Requirement:
Beginning with the line that has "原书原貌影印！上海图书馆藏明清珍稀稿钞本整理出版" and ending with the line that has "WZCMW492728王者荣耀账号详情图10", retype the entries below exactly, except for the pictures.
==== Working data ====
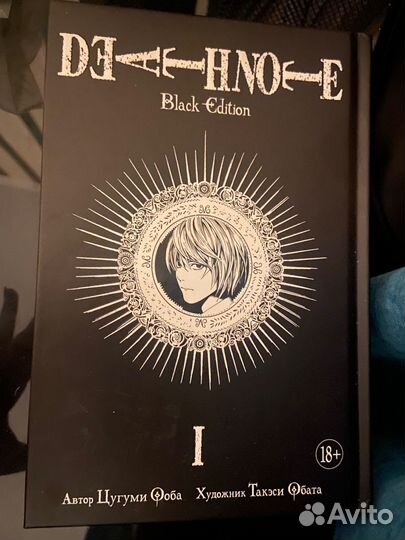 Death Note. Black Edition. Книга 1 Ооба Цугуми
====
==== Working data ====
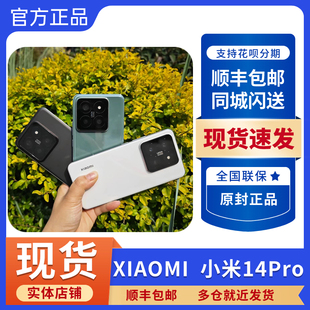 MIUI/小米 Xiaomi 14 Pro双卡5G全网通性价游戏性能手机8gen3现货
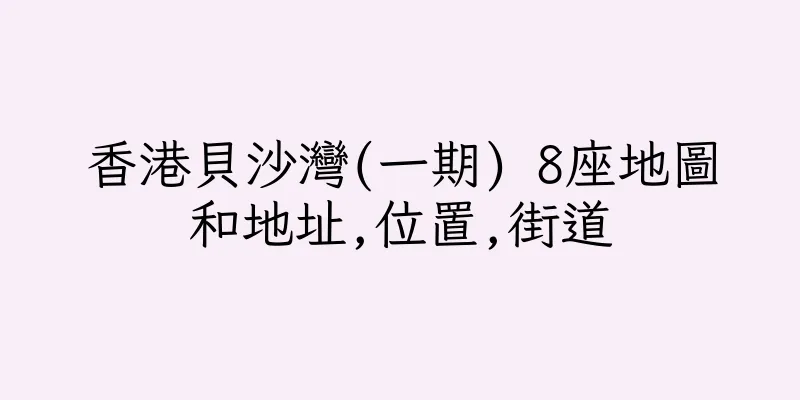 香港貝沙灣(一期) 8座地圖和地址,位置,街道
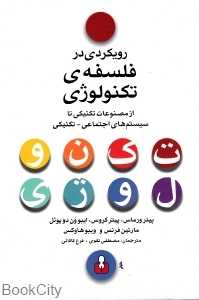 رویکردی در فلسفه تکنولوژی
====
==== Working data ====
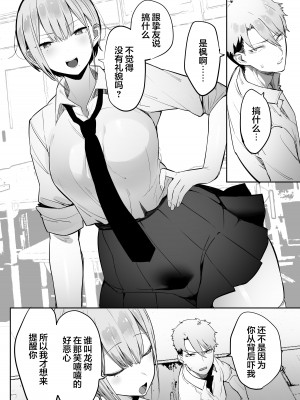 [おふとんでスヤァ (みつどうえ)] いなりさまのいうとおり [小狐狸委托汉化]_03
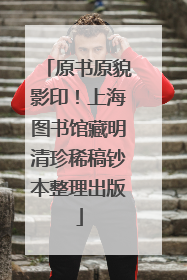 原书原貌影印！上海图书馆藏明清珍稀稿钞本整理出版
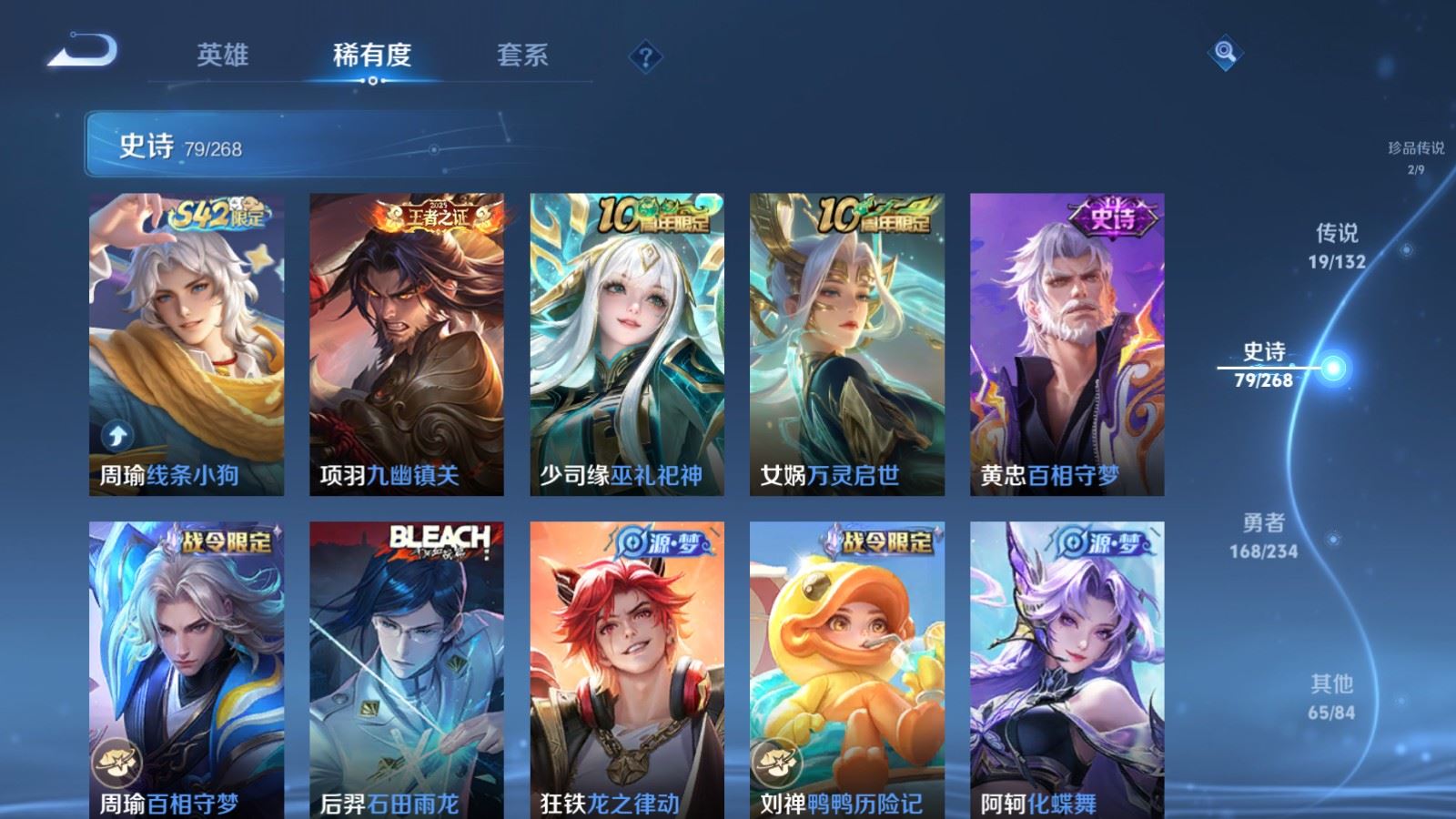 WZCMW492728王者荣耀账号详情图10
====
Solution to this problem:
 原书原貌影印！上海图书馆藏明清珍稀稿钞本整理出版
 WZCMW492728王者荣耀账号详情图10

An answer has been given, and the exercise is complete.